##### EXERCISE DATA #####

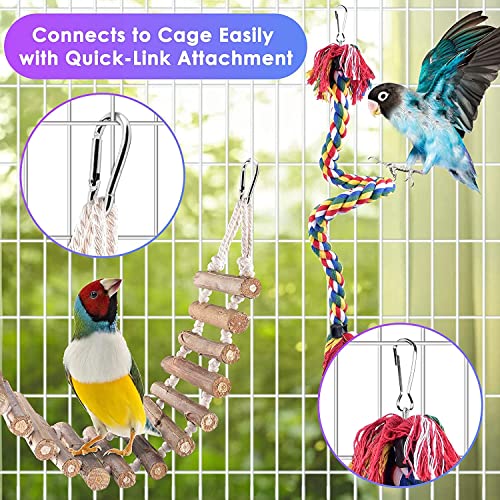 ERKOON 4 giocattoli per uccelli, pappagalli, per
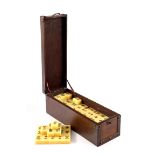 Mahjong game in wooden box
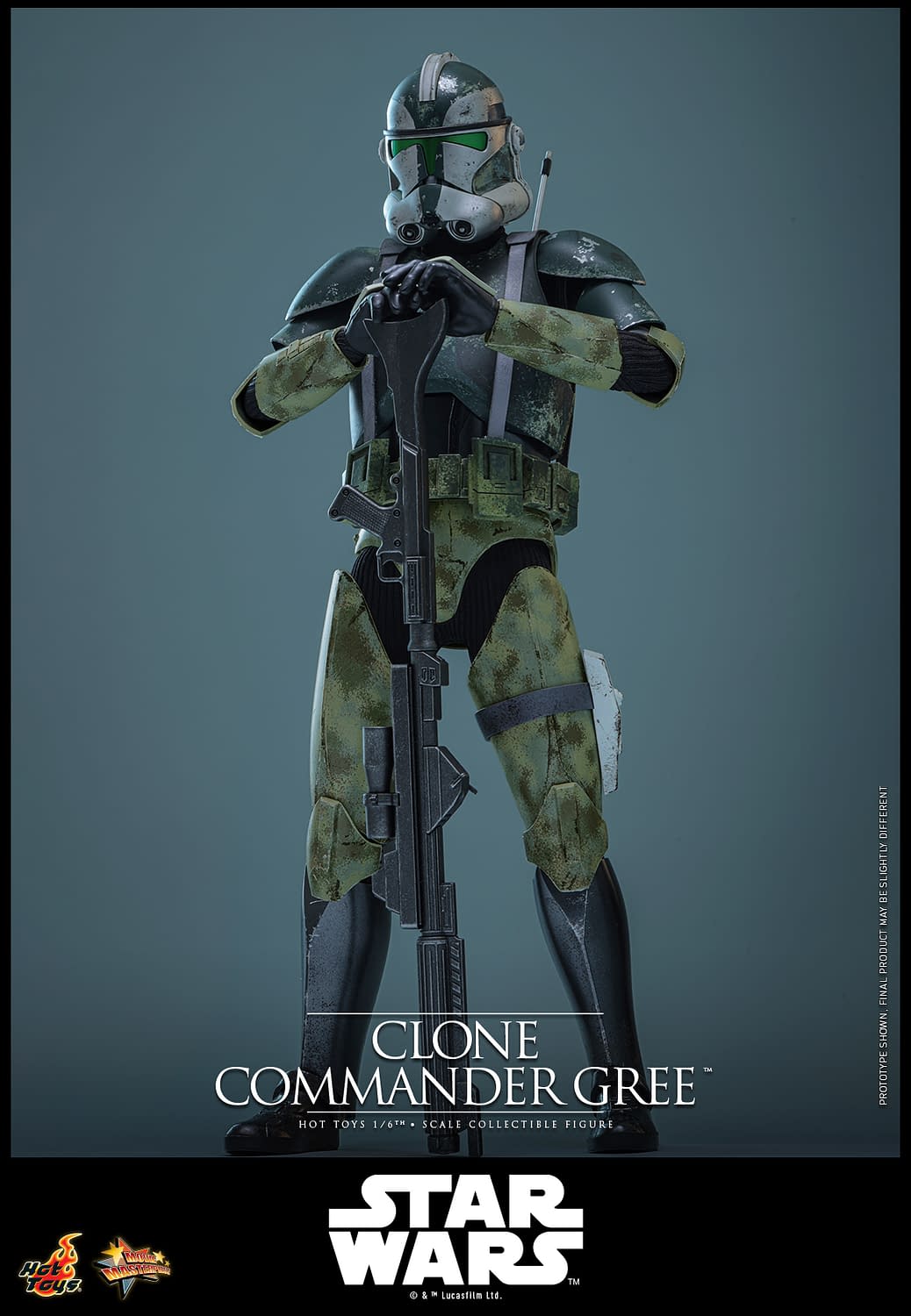 Star Wars 1/6 Clone Commander Gree Coming Soon to Hot Toys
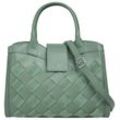 Henkeltasche SAMANTHA LOOK Gr. B/H/T: 33cm x 20cm x 8cm onesize, grün Damen Taschen Handtasche echt Leder, Made in Italy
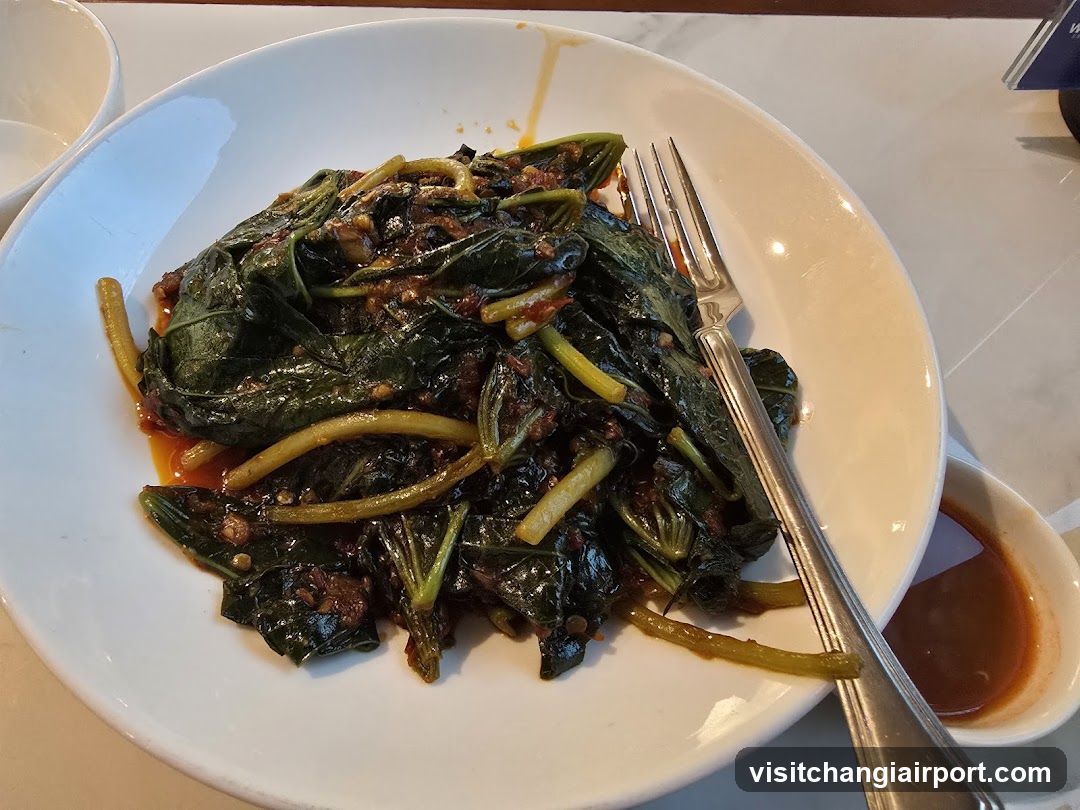 Stir-fried Greens with Chili Sauce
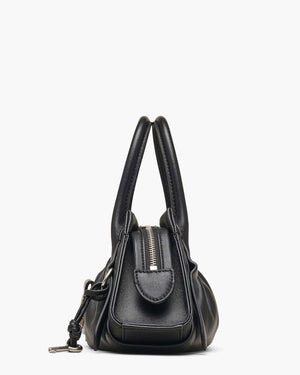 Marc Jacobs Shoulder Bag Gathered Lambskin - Black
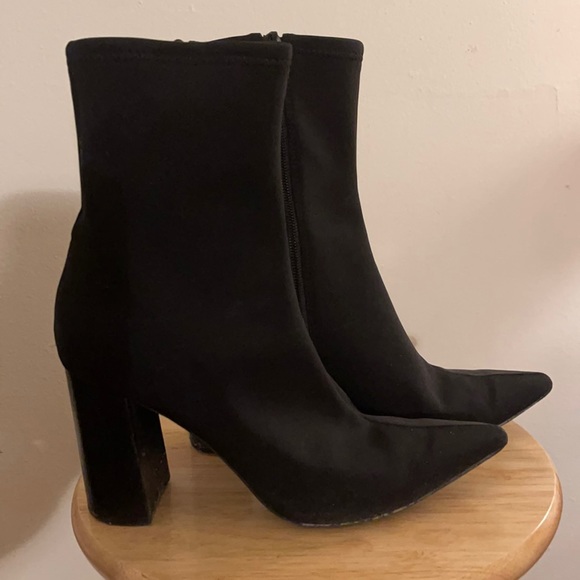 Jeffrey Campbell Sock Boots in Black - Picture 1 of 6
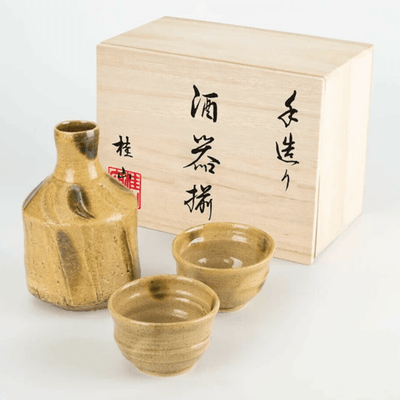 Handmade Kiseto Sake Set Handmade Kiseto Sake Set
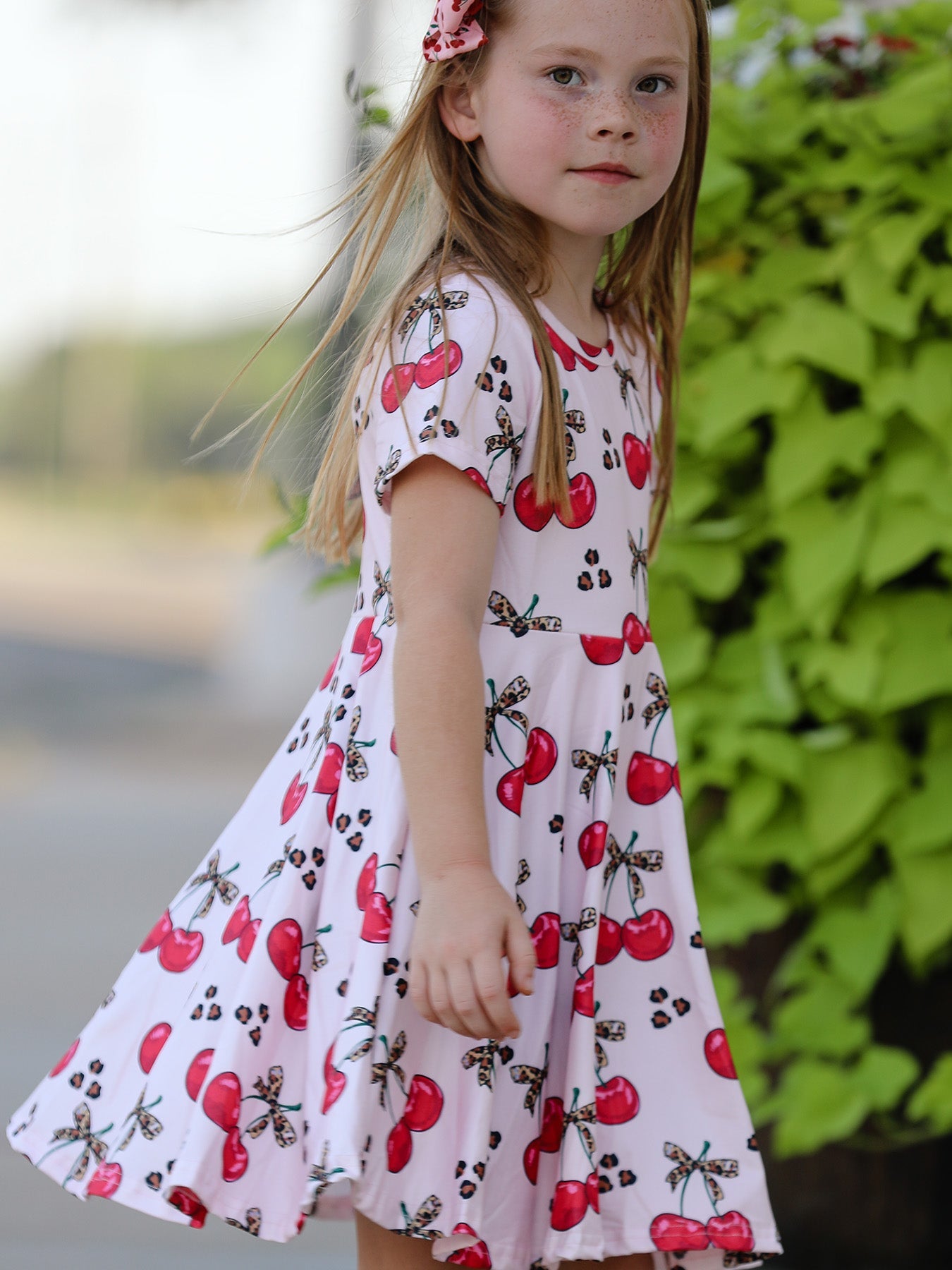 Cherry Girls Dress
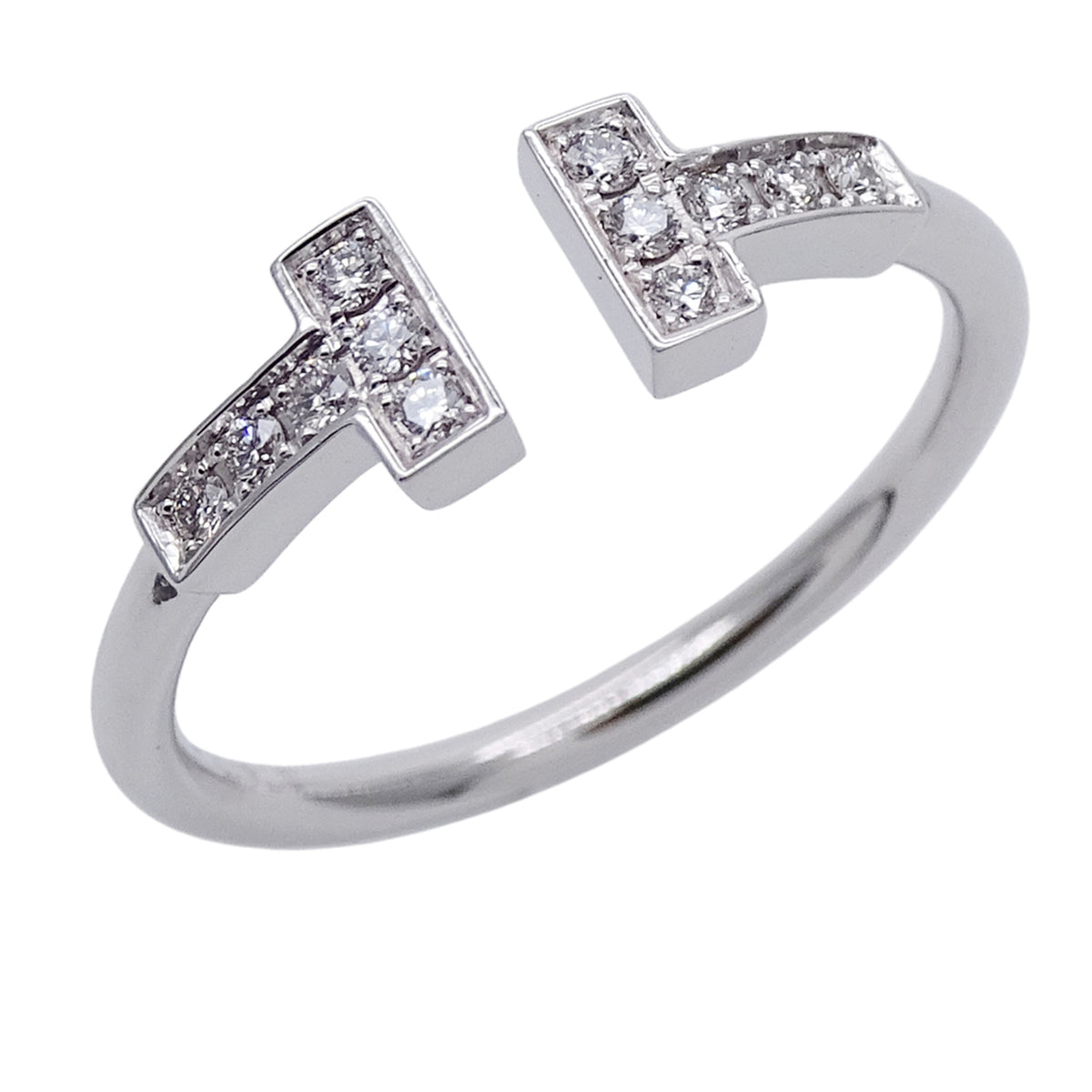 Tiffany White Gold White Gold (18K) Band Ring (Pre-Owned)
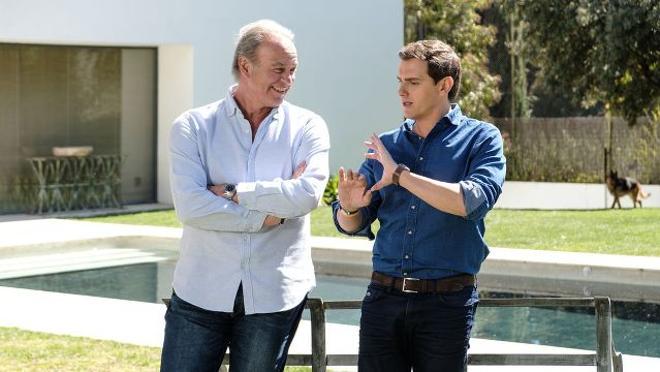 Bertín Osborne con Albert Rivera en «Mi casa es la tuya»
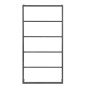 Sapho Ska - Porte-serviettes 600x1150 mm, noir mat SKA502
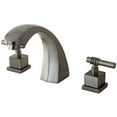 thumbnail image 1 of Kingston Brass KS4368QL Fortress Two-Handle Deck Mount Roman Tub Faucet, Brushed Nickel, 1 of 4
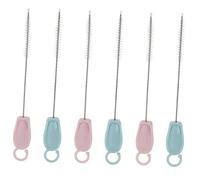 Abaodam Ensemble De 6 Brosses De Nettoyage Pour Pailles Maternelles Et Infantiles En Acier Inoxydable Et Nylon Pour La Famille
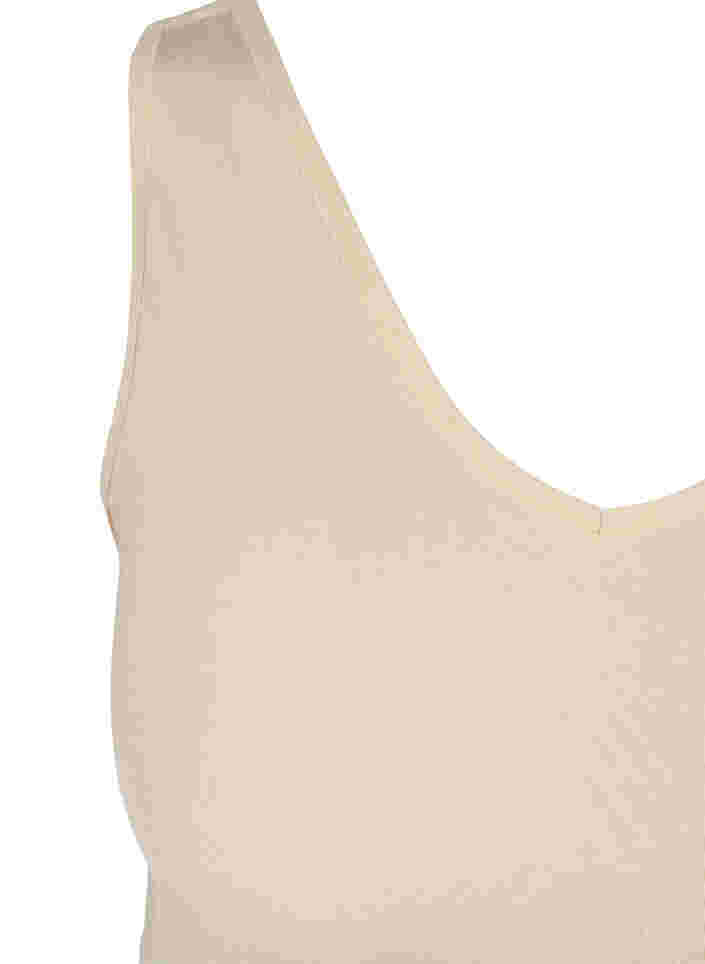 V-ringad bh utan bygel, Nude, Packshot image number 2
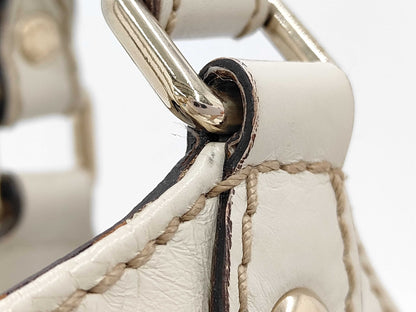 GUCCI 211944 Canvas GG Canvas Sukey Handbag Beige White Handbag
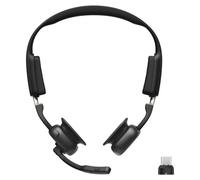 SHOKZ OpenMeet UC - Micro-casque - oreille dégagée - vertical - Bluetooth - sans fil - USB-C via un adaptateur Bluetooth - noir - certifié Zoom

#####

- [WHAT THE TASK ASKS]:
Reproduce exactly the lines from the one containing "Handmade Kiseto Sake Set Handmade" through the last line of the records, both included, leaving out every picture.

- [EXERCISE ANSWER]:
 Handmade Kiseto Sake Set Handmade Kiseto Sake Set
 Cherry Girls Dress
 Tiffany White Gold White Gold (18K) Band Ring (Pre-Owned)
 Bertín Osborne con Albert Rivera en «Mi casa es la tuya»
 Sapho Ska - Porte-serviettes 600x1150 mm, noir mat SKA502
 thumbnail image 1 of Kingston Brass KS4368QL Fortress Two-Handle Deck Mount Roman Tub Faucet, Brushed Nickel, 1 of 4
 Abaodam Ensemble De 6 Brosses De Nettoyage Pour Pailles Maternelles Et Infantiles En Acier Inoxydable Et Nylon Pour La Famille
 V-ringad bh utan bygel, Nude, Packshot image number 2
 GUCCI 211944 Canvas GG Canvas Sukey Handbag Beige White Handbag
 SHOKZ OpenMeet UC - Micro-casque - oreille dégagée - vertical - Bluetooth - sans fil - USB-C via un adaptateur Bluetooth - noir - certifié Zoom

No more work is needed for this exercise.